As president and cofounder of Arava Power Company, responsible for the establishment of Israel’s first mediumsized solar field, Abramowitz approached Tarabin about building an 8-megawatt field on 15 hectares (37 acres) of his land. Part of an array of new projects being initiated by the firm, the field was to be the first Beduin community solar site.

When the men eventually grew closer and decided to move forward, the project received a funding pledge for 80% of the $30 million project from the Overseas Private Investment Corporation (OPIC), a United States government development agency.

“I call [Abramowitz] today not just the head of our project, but a person who is my brother and family,” Tarabin said.

But starting in January 2012, the Public Utility Authority twice delayed approval for Tarabin’s solar field license application, saying only that it was doing its utmost to confirm that solar installations met its standards and would continue to discuss the Tarabin project. But by the time Tarabin received his license, the existing 300-megawatt, medium-sized solar field quota had already been maxed out by other projects.

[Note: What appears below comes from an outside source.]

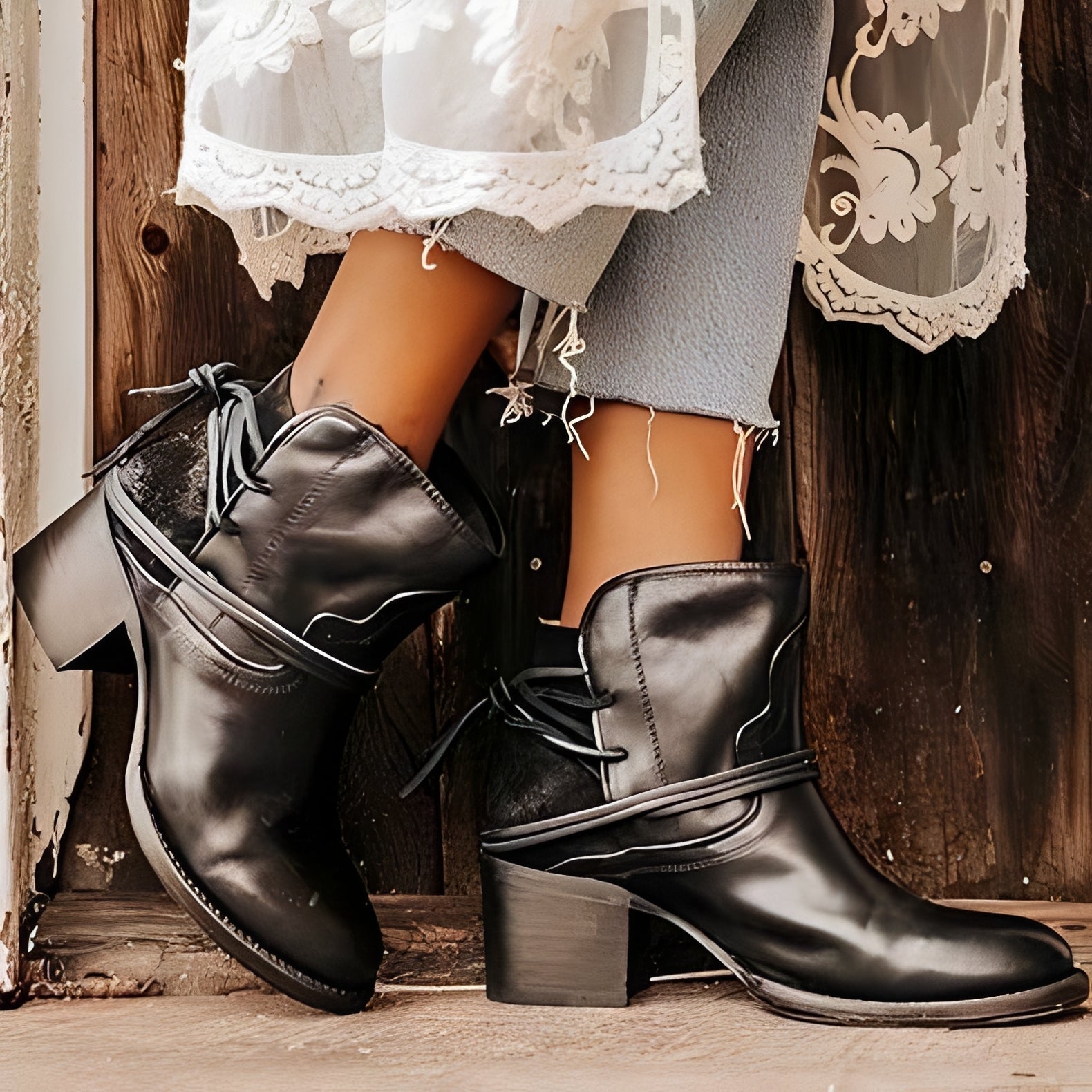 Jesse - Stylowe buty na wysokim obcasie dla kobiet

“I really wanted the state to realize that we compromised, that we are also faithful, that we are today an integral part of the state,” Tarabin told the Post. “I really respect the State of Israel. I respect the democracy that is here. But very unfortunately this is not enough. This doesn’t give all citizens their rights equally and what they deserve.”

While the government approved an additional 300- megawatt quota this past fall, the Finance Ministry appealed the decision due to financial concerns – meaning the new quota is now on hold.

Getting the project off the ground will be essential to the Tarabin community as it would provide a crucial new source of income, as well as new job openings to the 60-70 families there, the tribal leader explained. “The state was concerned about us and put us inside houses. That’s not our life – we are Beduin. We live in the desert,” Tarabin said.

“But we listened to the state,” he continued. “We followed its direction, yet we are lacking a livelihood. We need to pay electricity bills, we need to pay for telephones, we need to pay for water. Many things are needed in a house.”

There is no point in building a house if you are going to have no quality of life inside its stone walls, Tarabin argued, adding that such a situation “is not what a citizen of Israel deserves.”

Not only would building the field benefit his community, he explained, but it would benefit the state by adding clean energy to the electric grid and financially supporting an impoverished community. Expressing his disappointment, he said that if the government truly supported the country’s Beduin community, the project would have been carried out a long time ago.

“This is about livelihood, about the future, about our children whom we need to educate,” he said.

In response to what they, too, saw as an injustice toward the Beduin community, then-MKs Einat Wilf (Independence) and Ghaleb Majadele (Labor) launched a bill in June that would require the Public Utility Authority to allocate a specific quota of no less than 10% of the existing cap for mediumsized solar fields to the Beduin community. About two dozen MKs in total officially or unofficially expressed support for the bill, but Wilf and Majadele were unable to advance it before the dissolution of the 18th Knesset.

Abramowitz and other executives at Arava Power were among those lobbying for the bill.

“The Beduin are part of the state, have always supported the state and serve in the army,” Tarabin said. “So I think the country needs to give us more generous treatment – in behavior, in rights and in allowing us to conduct our project.”

Noting that he feels “deprived” because he cannot implement his project, he stressed that Israel was not a “bad country” whatsoever.

“It is a good country,” he said.

“But it doesn’t help enough. It doesn’t consider everyone equally. And that’s something that hurts inside. And I really feel that I am deprived. Therefore, I turn to every person who can assist us to help us establish this project.”

Although Tarabin has yet to see work begin on his solar field, he told the Post he was confident it would happen.

“I believe that there is nothing that will stand before desire, and I believe that there will be a project in the end,” he said. “I am a man who does not despair."